Problem requirements |
Your answer must restate each entry below word for word, with no pictures in it.

[[ Exercise data, beginning ]]

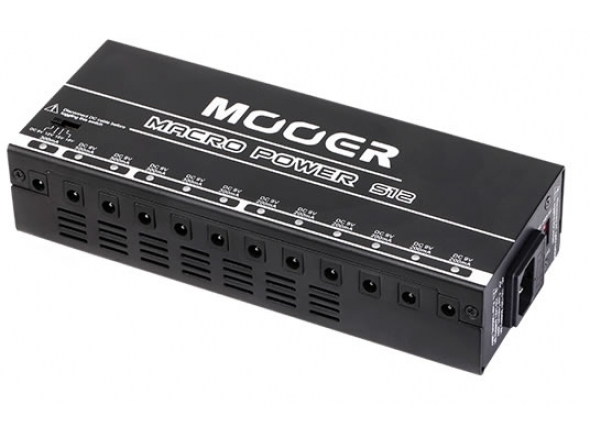 Pedais guitarra Mooer Fonte de alimentação multipedal/transformadores Mooer Macro Power S12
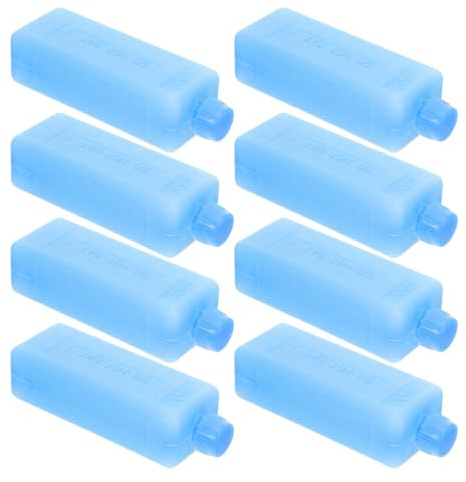 Hemobllo Reusable Ice Packs for Air Conditioner Cooling Crystal Box Freezer Blocks for Portable Coolers Camping Picnic and Home Use 8Pcs 4.5 X 1.6 X 1.2 Inches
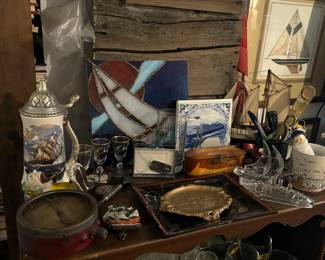 Antique ship boat related items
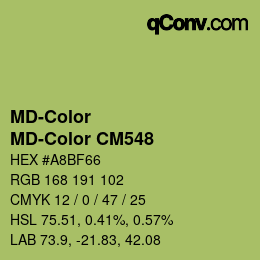 Code couleur: MD-Color - MD-Color CM548 | qconv.com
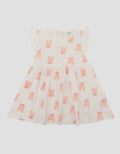 Little M Jersey Fullprint Love Dress Bayi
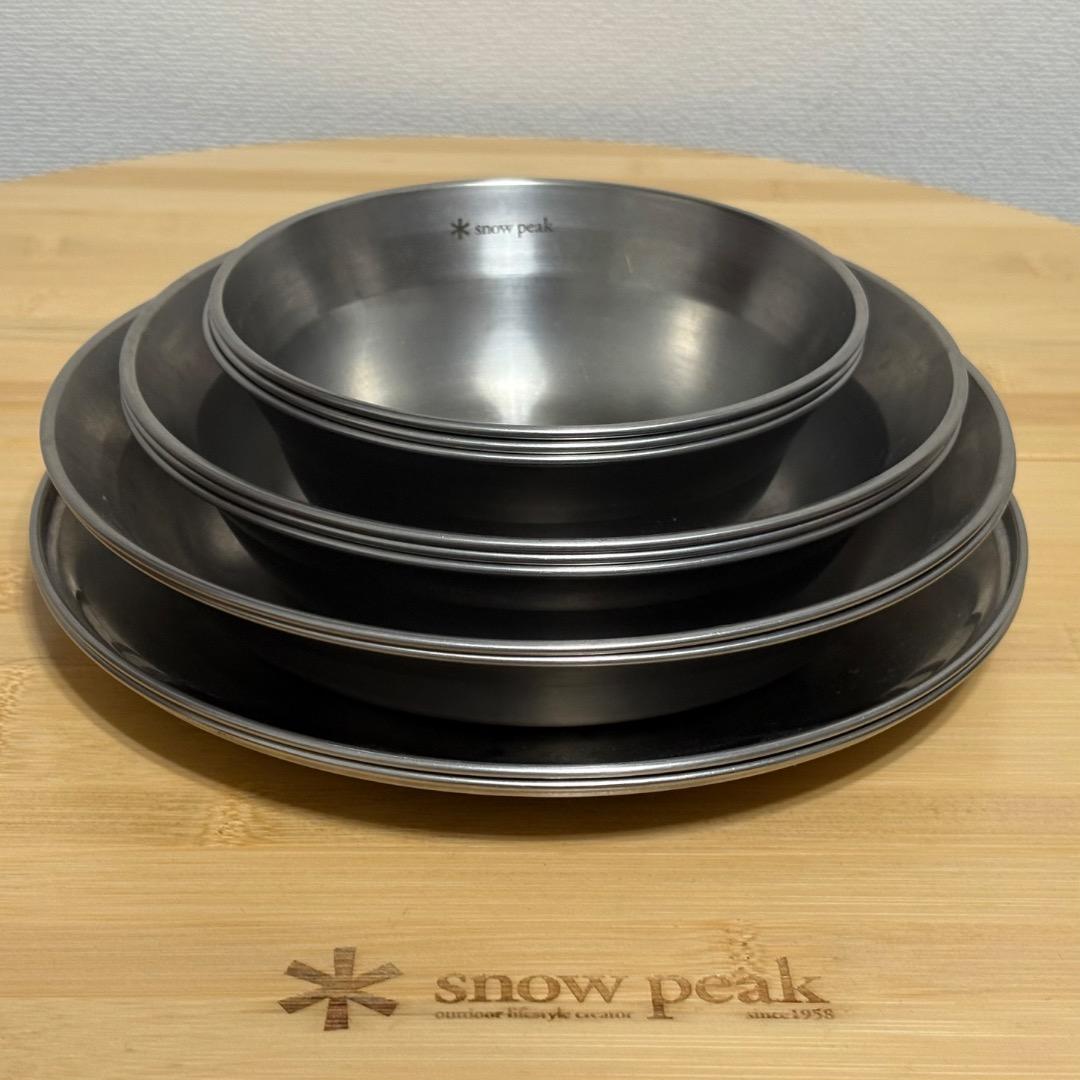  peak ステンレス食器セット 10点　メッシュケース付き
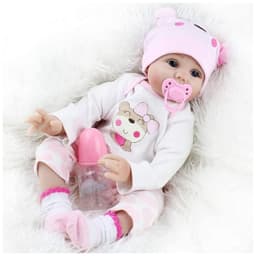 Muneca Bebe Reborn Super Realista 55 cm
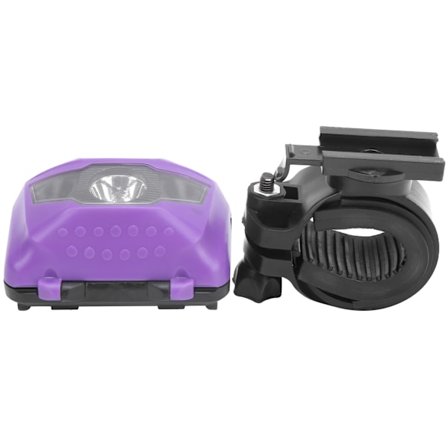 Multifunktionel Cykelklemme Lys Forlygte Baglygte Udendørs Vandtæt til Natkørsel Lilla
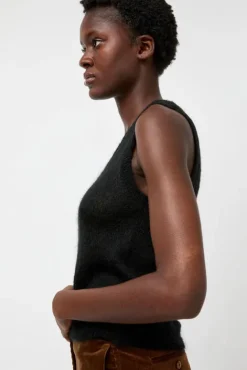 No.6 Store Carol U-Neck Vest in Black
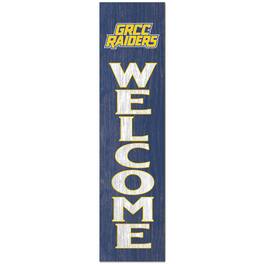 Jardine - Grand Rapids Raiders 12" x 48" Outdoor Leaner Welcome Sign - Navy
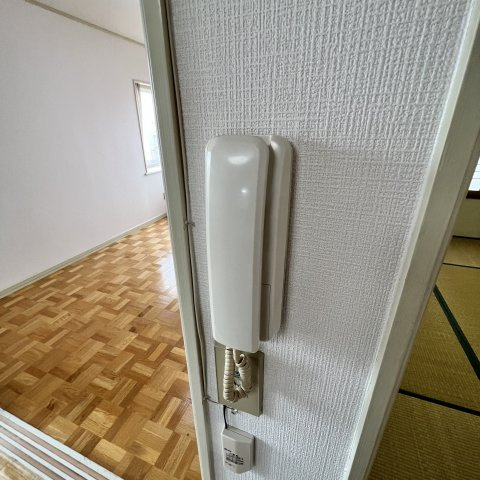 山田ハイツのバルコニー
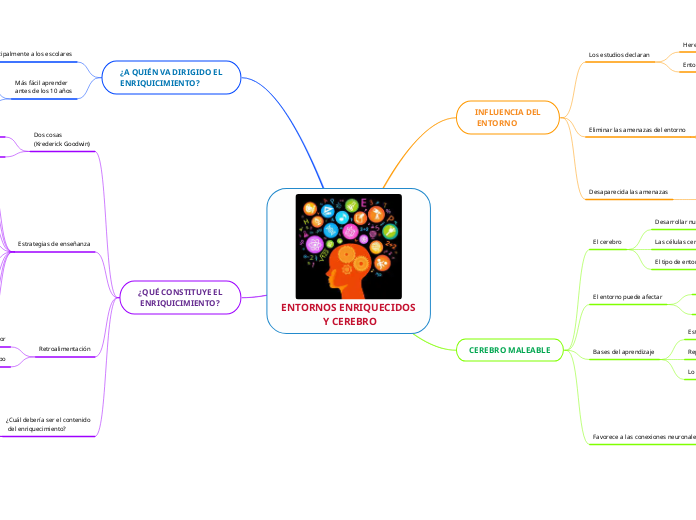 ENTORNOS ENRIQUECIDOS
 Y CEREBRO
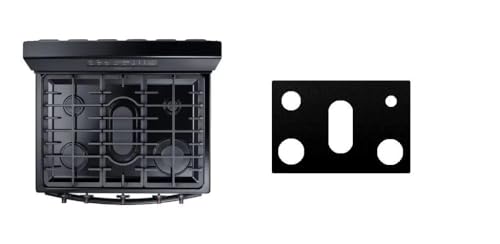 Custom Fit Reusable Burner Liner for Samsung Gas Range Stove Protect Your Stovetop with this Splatter Guard Cover - NX60A6511SS/AA
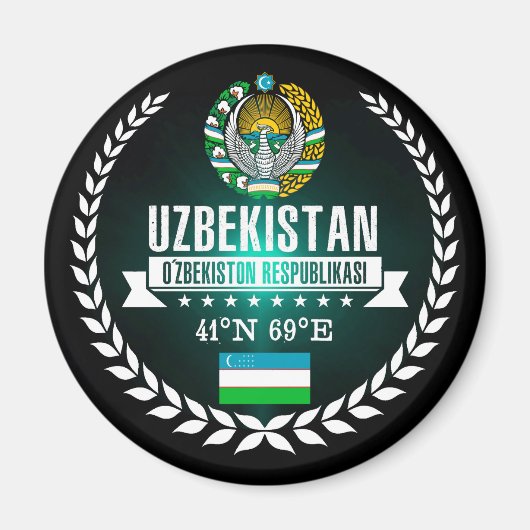 Oezbekistan Magneet (Voorkant)
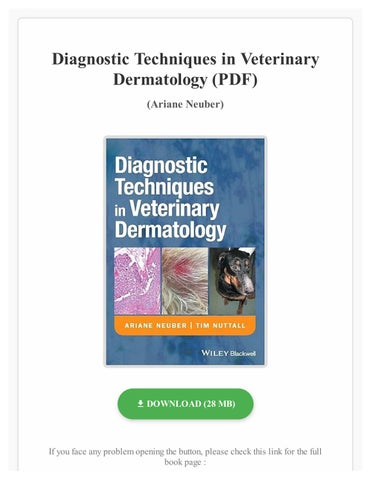 FREE (PDF) Small Animal Dermatology: A Color Atlas and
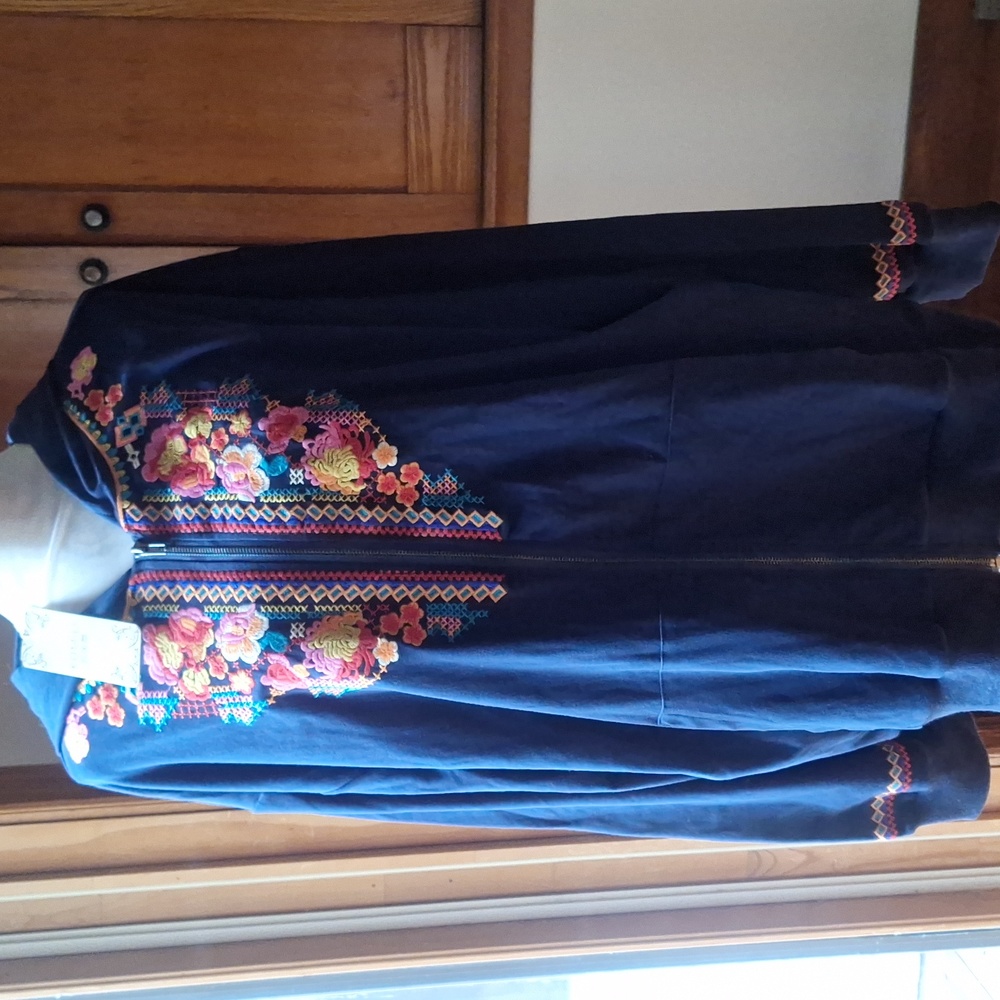 Hooded zip sweater 2X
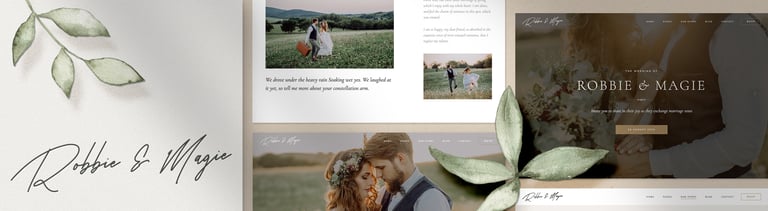 Robbie & Magie – Wedding Event Invitation Elementor Template Kit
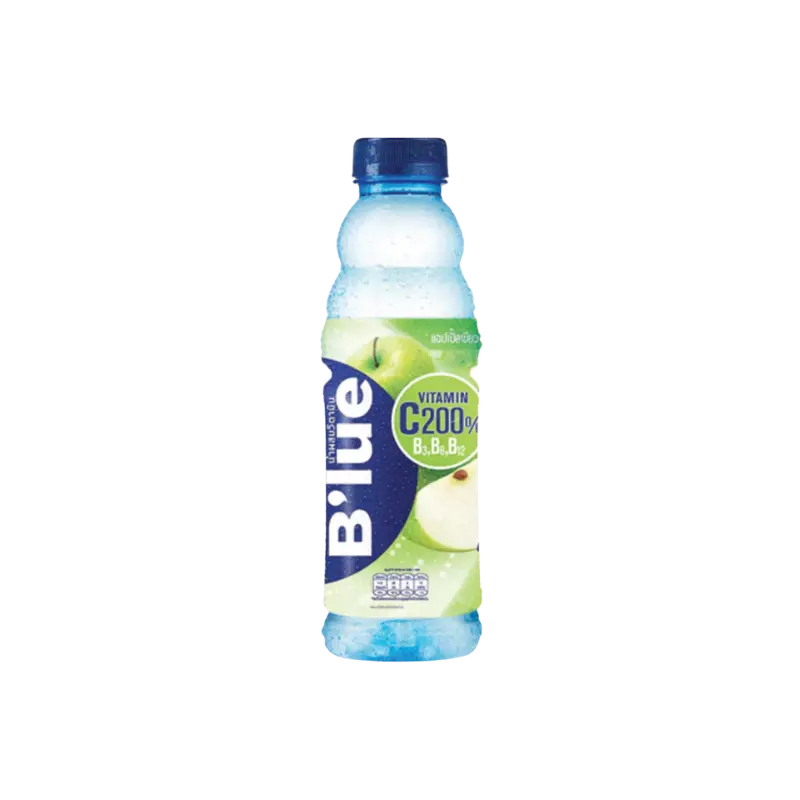 B'lue Vitamin Drinks Green Apple 24 x 500ml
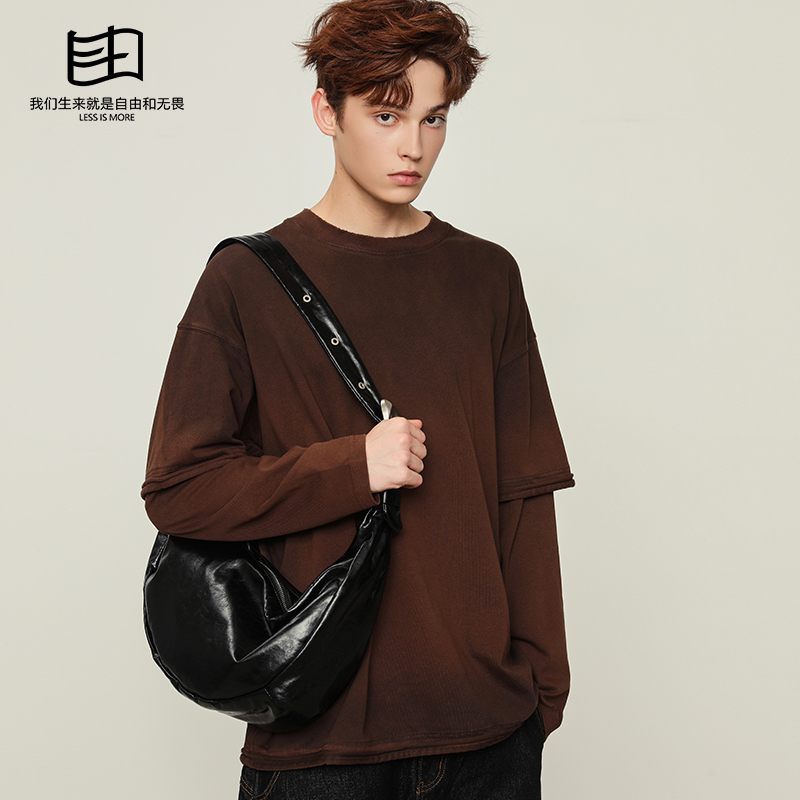 小众原创斜挎包软皮可颂牛角包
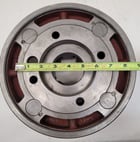 10" Bison #4965, 4-jaw chuck, w/ key - Image 10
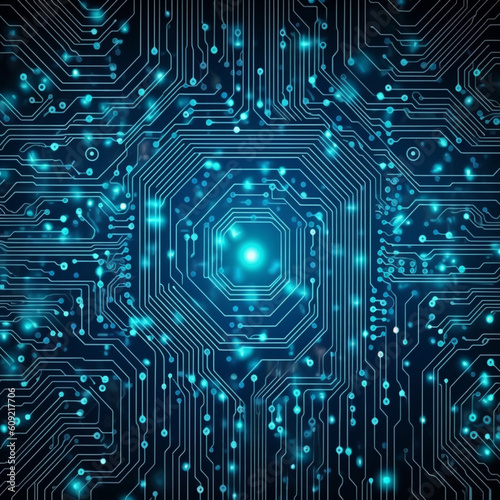 Abstract Circuit Board Texture Background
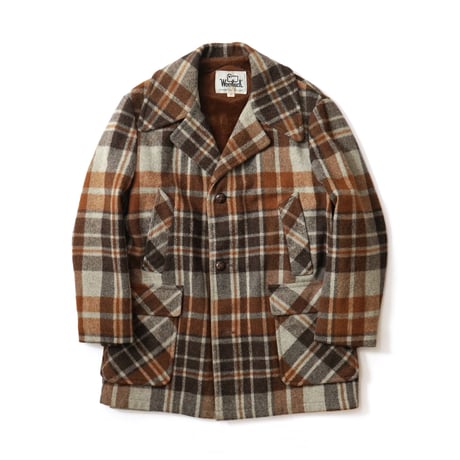 Woolrich / Vintage, Wool Tweed Sherpa Plaid Coat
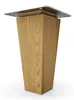 4x sossai Holzfüße eckig - gerade Ausführung 10cm Eiche Produktbild-Vorschau 2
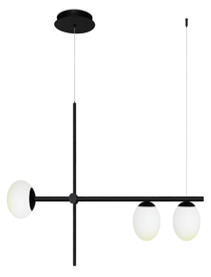 806/3 PENDENTE HILLS DOURADO ESCOVADO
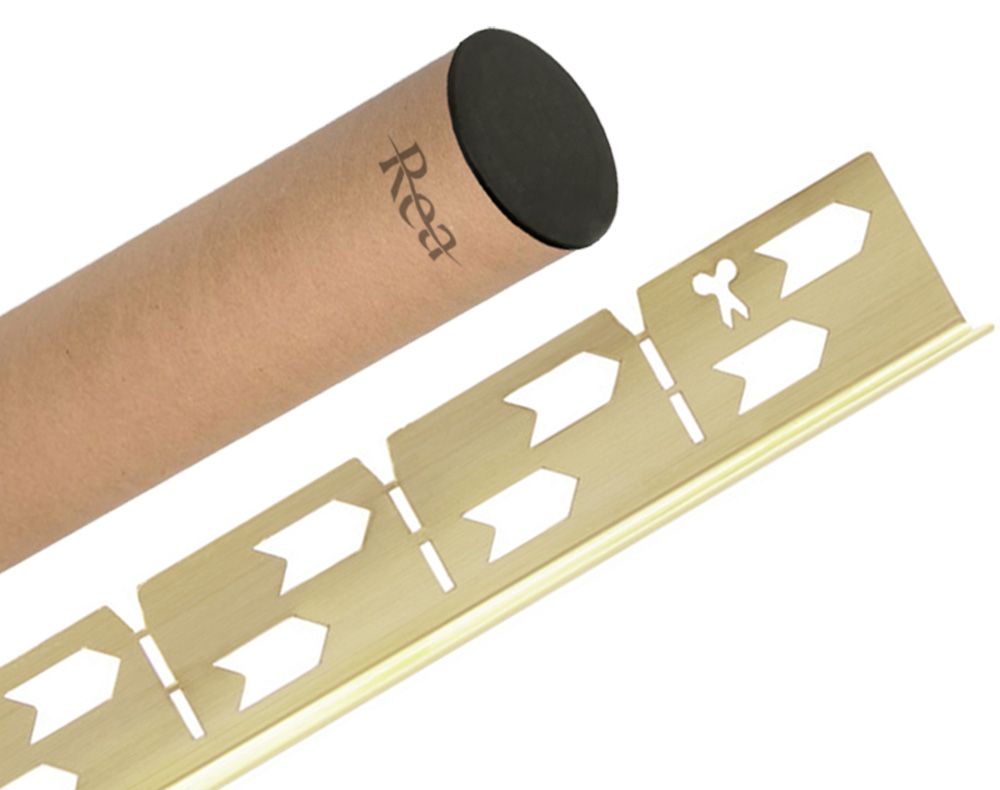 Profilo Doccia Pendenzato 140cm Brush Gold sinistra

[[ Exercise data, end ]]

Result |
 Pedais guitarra Mooer Fonte de alimentação multipedal/transformadores Mooer Macro Power S12
 Hemobllo Reusable Ice Packs for Air Conditioner Cooling Crystal Box Freezer Blocks for Portable Coolers Camping Picnic and Home Use 8Pcs 4.5 X 1.6 X 1.2 Inches
 Antique ship boat related items
 Code couleur: MD-Color - MD-Color CM548 | qconv.com
 Little M Jersey Fullprint Love Dress Bayi
  peak ステンレス食器セット 10点　メッシュケース付き
 Muneca Bebe Reborn Super Realista 55 cm
 Multifunktionel Cykelklemme Lys Forlygte Baglygte Udendørs Vandtæt til Natkørsel Lilla
 No.6 Store Carol U-Neck Vest in Black
 Jardine - Grand Rapids Raiders 12" x 48" Outdoor Leaner Welcome Sign - Navy
 山田ハイツのバルコニー
 ENTORNOS ENRIQUECIDOS
 Y CEREBRO
 Custom Fit Reusable Burner Liner for Samsung Gas Range Stove Protect Your Stovetop with this Splatter Guard Cover - NX60A6511SS/AA
 Oezbekistan Magneet (Voorkant)
 FREE (PDF) Small Animal Dermatology: A Color Atlas and
 Hooded zip sweater 2X
 Robbie & Magie – Wedding Event Invitation Elementor Template Kit
 B'lue Vitamin Drinks Green Apple 24 x 500ml
 小众原创斜挎包软皮可颂牛角包
 10" Bison #4965, 4-jaw chuck, w/ key - Image 10
 Abstract Circuit Board Texture Background
 Woolrich / Vintage, Wool Tweed Sherpa Plaid Coat
 4x sossai Holzfüße eckig - gerade Ausführung 10cm Eiche Produktbild-Vorschau 2
 806/3 PENDENTE HILLS DOURADO ESCOVADO
 Profilo Doccia Pendenzato 140cm Brush Gold sinistra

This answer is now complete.